The international economic policy and research institution forecast that the world economy will grow by just 2.9 per cent this year, down from 3.6 per cent last year and a reduction of 0.3 percentage points from its May forecast. That would mark the slowest global growth since the 2008-09 financial crisis. It doesn’t expect 2020 will look much better, projecting expansion of just 3 per cent next year, down from 3.4 per cent in May.
The OECD said the continuing U.S.-China trade dispute has pummelled global export demand, stifled manufacturing activity and slowed business investment to a crawl. It characterized global trade as “exceptionally weak,” noting that trade volumes declined in the second quarter. It added that uncertainty surrounding Brexit and the recent drone strikes on Saudi oil facilities are adding to already elevated instability.
Canada was one of the few bright spots among advanced economies in the updated outlook, as the OECD increased its 2019 growth estimate to 1.5 per cent from 1.3 per cent, reflecting the country’s much stronger-than-expected economy in the second quarter. But the OECD slashed its growth projection for 2020 to 1.6 per cent from 2 per cent, as the impact from global trade woes sinks in.
The OECD’s new 2019 projection is higher than the Bank of Canada’s most recent forecast of 1.3 per cent issued in July. But its 2020 call is lower than the Bank of Canada’s 1.9 per cent. The Canadian central bank will issue its own quarterly update of its projections at the end of October.
While the OECD report applauded Canada’s “strong job and real wage growth” as a key source of economic strength over this year and next, it warned that the deteriorating global trade environment will weigh on exports and business investment.
Toronto-Dominion Bank also trimmed its growth forecasts on Wednesday – coincidentally, matching the OECD forecasts for Canada and the world. Beata Caranci, chief economist at TD, said that while Canada’s economy over all hasn’t yet suffered major damage from the trade war and the global slowdown, the cracks have begun to show.
“It’s evident that things like manufacturing have not been doing well. It mirrors what we’re seeing in the U.S. and globally,” Ms.
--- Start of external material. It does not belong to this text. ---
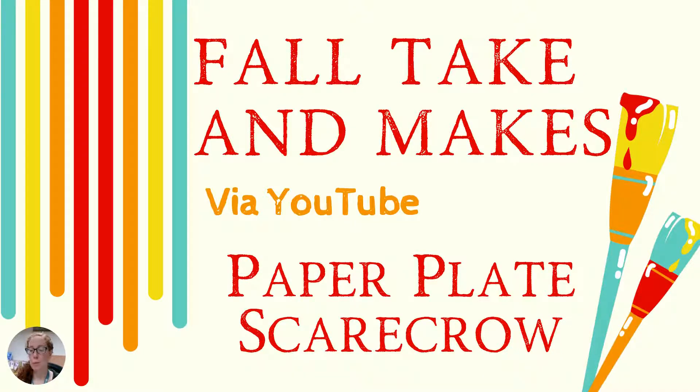Hi friends, this is Miss Anne here at the Warminster Township Free Library. Welcome back to our full Take and Make. Today we're going to be making a paper plate scarecrow.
Caranci said. “We’ve seen it in [slowing] business investment, too.”
The outlook for the United States took a serious hit from the trade tensions. The OECD cut its 2019 growth forecast to 2.4 per cent from 2.8 per cent, and its 2020 forecast to 2 per cent from 2.3 per cent.
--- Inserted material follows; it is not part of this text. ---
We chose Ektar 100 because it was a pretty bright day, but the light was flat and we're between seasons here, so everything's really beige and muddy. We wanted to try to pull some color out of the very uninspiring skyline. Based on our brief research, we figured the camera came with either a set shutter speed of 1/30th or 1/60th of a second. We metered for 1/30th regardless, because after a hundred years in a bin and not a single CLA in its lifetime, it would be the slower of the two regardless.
The agency lowered its China growth forecasts to 6.1 per cent in 2019 and 5.7 per cent in 2020, down 0.1 and 0.3 percentage points, respectively.
It estimated that the tariffs imposed by the United States and China against each other, if they remain in place, would reduce global gross domestic product by about 0.6 per cent over the next two years combined. The impact would be greater on China, with a drag on its GDP of about 1 per cent, and on the United States, with an estimated hit of about 0.7 per cent.
“China and the United States would be most affected by these shocks, but all economies are adversely affected by rising uncertainty, with business investment impacted severely in the major economies,” the report said.
And it warned that things could get worse.
“Significant downside risks could further weaken growth,” it said. “Risks remain that U.S.-China trade tensions will intensify and spill into new areas, further disrupting supply networks, reducing and distorting trade, and weighing on confidence, growth and jobs.”